Sebelumnya saya tak pernah menyangka bakal menulis catatan ini, catatan tentang pengalaman berharga menjadi bagian dari Film Balada Si Roy (BSR) yang diangkat dari novel karya Gol A Gong. Meski hanya menjadi ekstras atau figuran yang entah wajahnya terlihat atau tidak di kamera, bahkan mungkin hanya punggungnya saja, tapi setidaknya bisa ikut dan melihat bagaimana proses syuting yang sesungguhnya.

(Ya, minimal bisa foto bareng artislah, terus upload di medsos dengan caption seolah-olah punya peran penting saat syuting. Wkwkw)

Sejak awal diumumkan nama-nama pemain film ini oleh akun instagram IDN Pictures dan @filmbaladasiroy pada 16 Desember 2020 lalu, hati saya sudah bergetar, berharap bisa ikut syuting supaya bisa nongol di layar bioskop nanti. Apalagi lokasi syuting di Rangkasbitung, Serang, Lampung, dan Anyer. Produksi dimulai pada Hari Minggu, 10 Januari 2021.

Hingga akhirnya, kesempatan pertama itu datang pada Selasa 12 Januari 2021. Kru bagian casting film BSR mengontak relawan Rumah Dunia dan Motor Literasi (Moli) untuk ikut casting. Kami antusias. Besoknya kami berangkat dari Serang menuju Rangkasbitung, sekaligus menghadiri acara di TBM Kedai Proses, usai acara pukul 00.00 WIB, tim casting datang dan kami diminta untuk acting di sebuah ruangan kamar para relawannya Om DC Aryadi, ketua TBM Kedai Proses.

Pagi harinya, hasil keputusan siapa saja yang bakal diajak syuting sudah keluar dan muncullah nama Baehaqi Muhammad, Sejo Qulhu, dan Boe yang dipastikan ikut syuting sebagai ekstras. Saat itu saya berpikir, mungkin karena wajah saya yang terlalu modern, atau juga karena berat badan yang tak sesuai. Entah. Tapi yang jelas, meski tidak lolos, namun saya tetap senang karena ada perwakilan dari Rumah Dunia dan Moli yang terpilih. Tapi sejak itulah, impian dan kesempatan untuk ikut syuting film ini sudah hilang di kepala saya.

Waktu berlalu. Tak disangka, akhirnya keajaiban itu terjadi pada Kamis 18 Februari 2021. Kabar syuting di Kota Serang hari itu sudah kami dapat dari Ade Ubaidil, seorang relawan Rumah Dunia yang terlibat proses syuting sejak awal sebagai pelatih bahasa film BSR yang sedang di Lampung sehari sebelumnya. Malamnya, tim casting dari Serang utusan Om Andi Suhud dan Rambo Banten, yakni Irawan Dwi Putra atau akrab disapa Bang Awang menelpon saya, meminta untuk datang besok pagi di Alun-alun.
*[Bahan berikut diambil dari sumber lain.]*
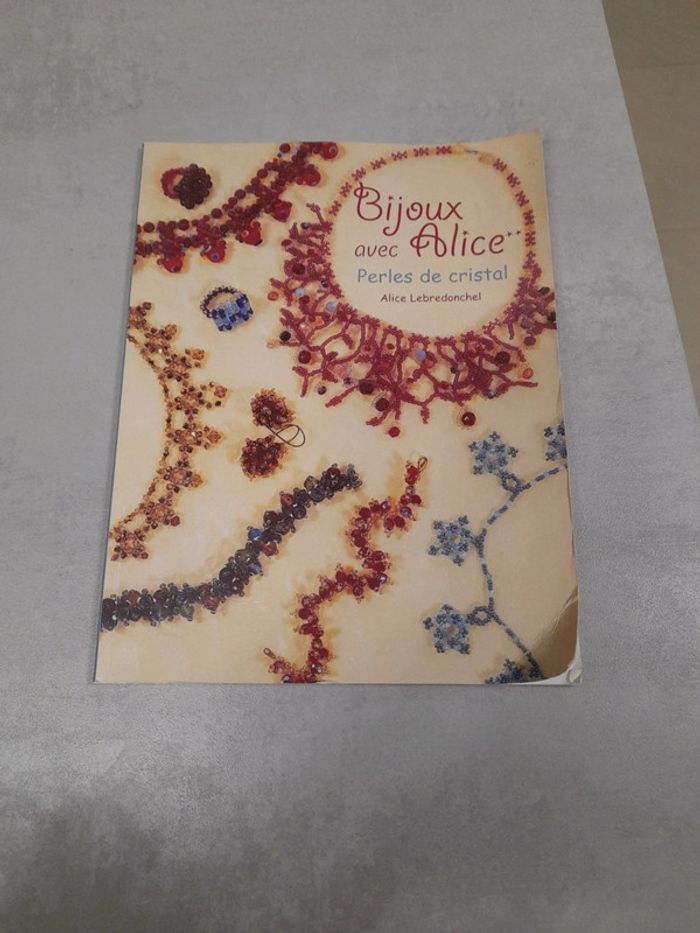 Livre Bijoux avec Alice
Tapi pikiran saya sama sekali tidak memikirkan soal syuting BSR. Saya dan Abdul Salam, Presiden Rumah Dunia yang sedang mengelola Rendez Vous Café, justru memikirkan strategi jualan kaos dan tumbler kepada para kru. Kami bergegas menyiapkan produk jualan khusus merchendise BSR.

Pukul 06.00 WIB kami sudah tiba di Alun-alun Barat Kota Serang, membuka mobil Perpustakaan Keliling Rumah Dunia dan menggelar lapak jualan. Menjelang siang, saya dan Niko Sanjaya, relawan baru Rumah Dunia dan Jordi Algifari, putra ketiga Gol A Gong dipanggil ke Weltevreden Café untuk rapid test antigen, sebelum masuk ke lokasi syuting. Protokol kesehatan yang diterapkan cukup ketat. Selanjutnya, kami memilih pakaian yang sesuai dengan tahun 1980-an, sesuai setting dalam film ini, kemudian menunggu selama lima jam lebih.
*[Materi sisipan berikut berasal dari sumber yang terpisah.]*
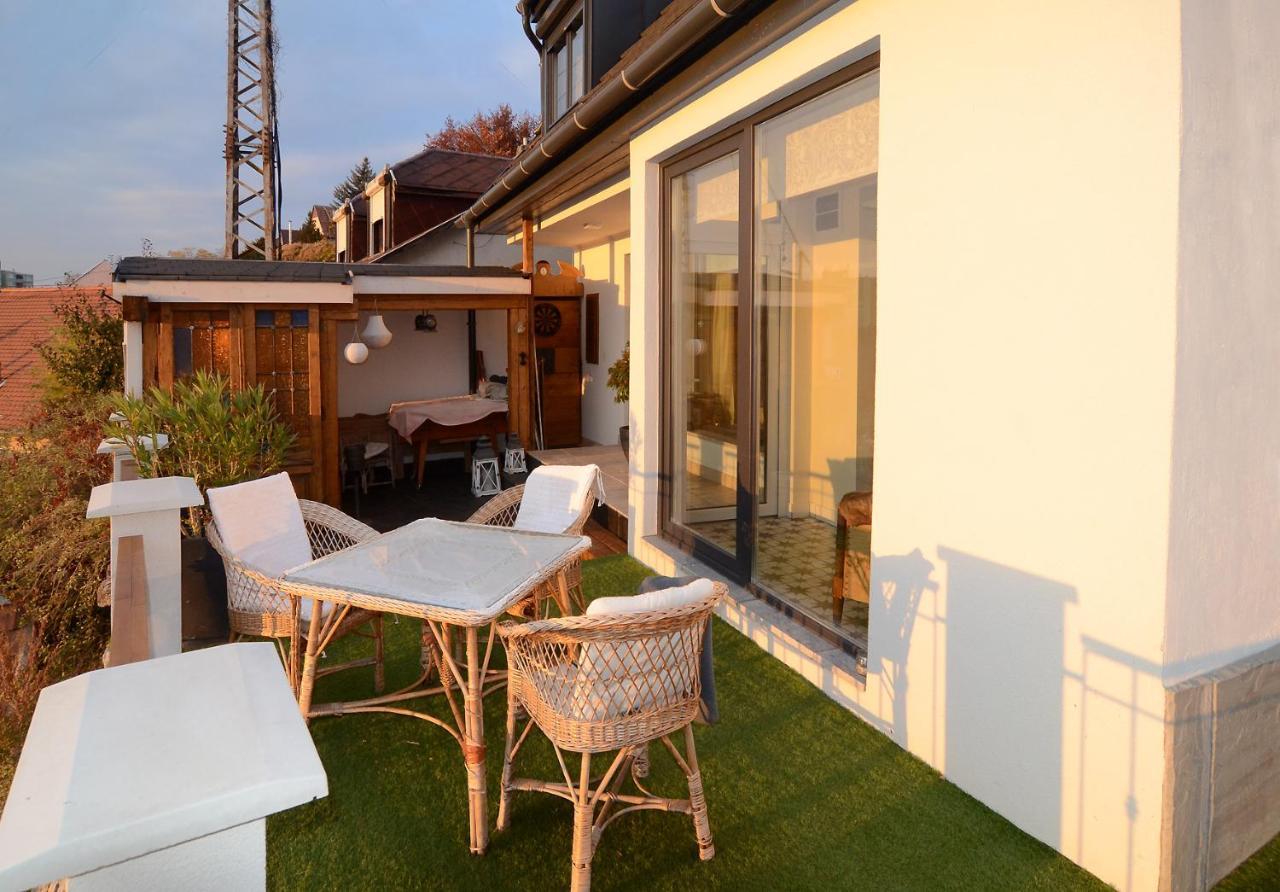 Filia Apartman Eger Bagian luar foto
Saat para pemain lain dipanggil, namun nama kami belum juga. Padahal saat itu proses syuting adegan Roy dan Dewi Tomboy yang diperankan oleh Abidzar Algifari dan Sita Marino di tugu pahlawan sudah hampir selesai. Meski sempat diguyur hujan, namun sang sutradara Fajar Nugros dan kru menyelesaikannya dengan maksimal. Lalu, kami kapan syutingnya?

Di tengah kebingungan sekaligus kepasrahan kami, salah satu kru bagian casting berkaos kuning dengan rambut tersisir rapi ke kiri, Mas Adoel namanya, ia menyampaikan kalau kami akan syuting di sesi akhir sekaligus penutupan di Kraton Kaibon, Banten Lama. Seketika saya merasa ada yang bergetar di dada, pernapasan menjadi lega.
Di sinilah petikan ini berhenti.